Hmm, there is a slight change of behavior here. Earlier, if a topic deletion is initiated, it will be processed immediately. Now, the topic deletion will only be processed when the scheduler adds a topic deletion event. This means that topic deletion could be delayed by up to 5 seconds, which is a degradation.

I updated the PR to actually start doing topic deletion work in the TopicDeletion event instead of waiting for the scheduled event to make progress.

junrao · 2017-04-19T15:41:39Z

core/src/main/scala/kafka/controller/KafkaController.scala

-        info("ZK expired, but the current controller id %d is the same as this broker id, skip re-elect".format(config.brokerId))
-      }
+    def handleNewSession(): Unit = {
+      controllerEventQueue.put(Resign(getControllerID()))


Hmm, in all other listeners, we pass in controllerEventQueue. Here, we access controllerEventQueue directly. Does SessionExpirationListener need to be a local Class?

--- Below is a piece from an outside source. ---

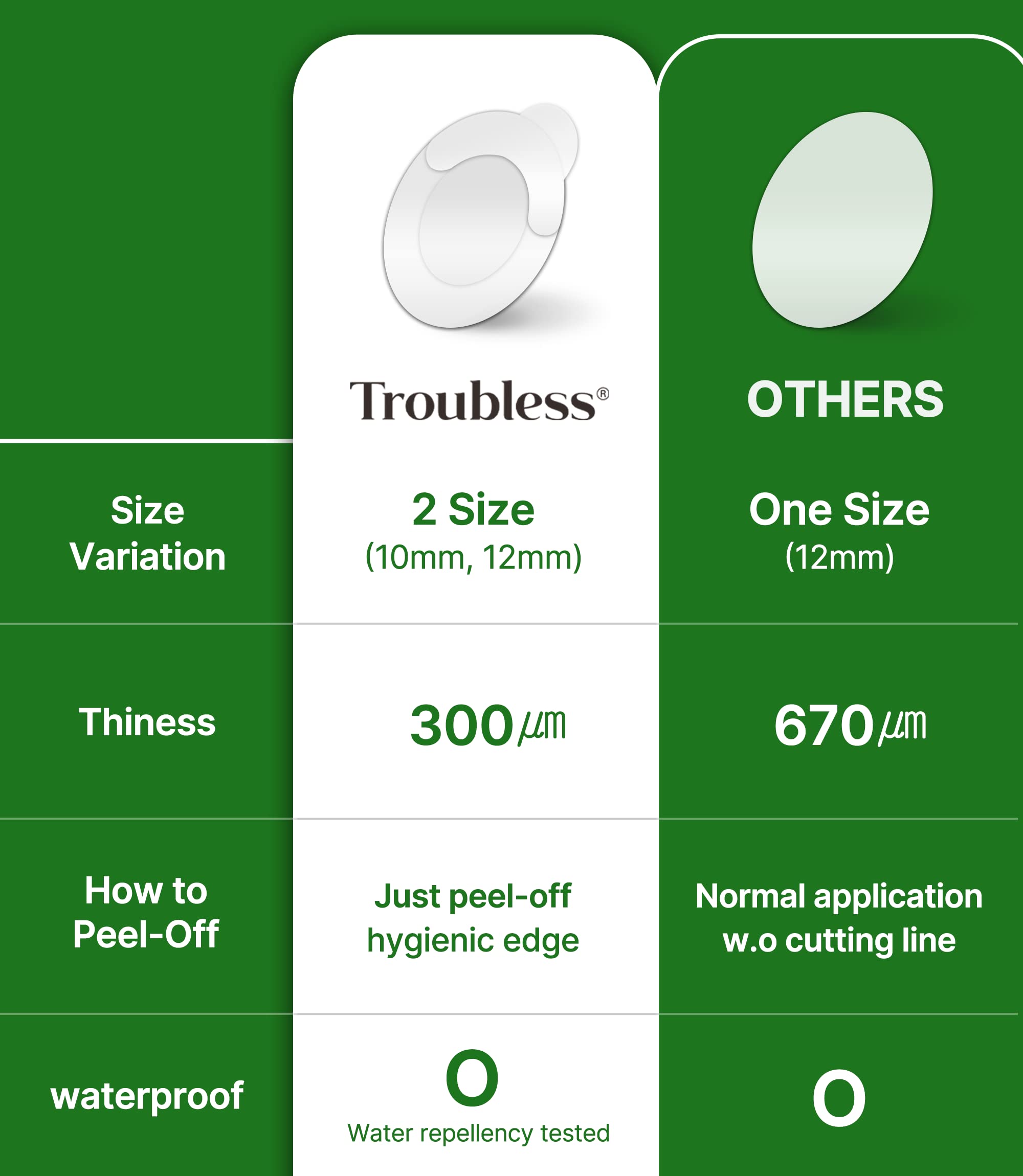 Invisible Pimple Spot Patch - Classic, Hydrocolloid Acne Patches for Face | Ultra Thin Acne Patches with Easy Peel Handle | Overnight Pimple Patches | 2 Sizes, 96 Count (Pack of 1) - Troubless Official Product View 7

Nope. I just moved it out.

junrao · 2017-04-19T15:56:07Z

core/src/main/scala/kafka/controller/KafkaController.scala

-      info("Controller startup complete")
-    }
+    controllerEventQueue.put(Startup)
+    controllerEventQueue.put(Elect)


The issue is that once the Startup event is enqueued, additional events could be added to the queue by ZK event thread. Those new events could in theory show up before the Elect event. So, if there is sth that we really want the ControllerThread to complete at the beginning. The safest thing is probably to do that in the thread.

junrao

@onurkaraman : Thanks for the patch. A few more comments.

junrao · 2017-04-19T23:23:18Z

core/src/main/scala/kafka/controller/KafkaController.scala

@@ -658,13 +580,13 @@ class KafkaController(val config: KafkaConfig, zkUtils: ZkUtils, val brokerState
    info("Starting preferred replica leader election for partitions %s".format(partitions.mkString(",")))
    try {
      controllerContext.partitionsUndergoingPreferredReplicaElection ++= partitions
-      deleteTopicManager.markTopicIneligibleForDeletion(partitions.map(_.topic))
+      topicDeletionManager.markTopicIneligibleForDeletion(partitions.map(_.topic))


Now that we are moving to a single threaded model, it seems this can be simplified. We know the preferred leader election can't interleave with topic deletion. So, the only thing we need to do is to avoid balancing those topics pending for deletion.

junrao · 2017-04-19T23:25:23Z

core/src/main/scala/kafka/controller/KafkaController.scala

+/**
+  * This is the zookeeper listener that triggers all the state transitions for a replica
+  */
+class BrokerChangeListener(protected val controller: KafkaController, controllerEventQueue: LinkedBlockingQueue[ControllerEvent]) extends IZkChildListener with Logging {


I am a bit worried about passing along the controllerEventQueue to each of the listeners since we may lose track of who can add new events to the queue. Since we are passing in KafkaController anyway, we could probably expose a public method like addToControllerEventQueue() in Controller and avoid passing in controllerEventQueue. The listener will call addToControllerEventQueue() to enqueue events. This way, it's much easier to track who is calling addToControllerEventQueue().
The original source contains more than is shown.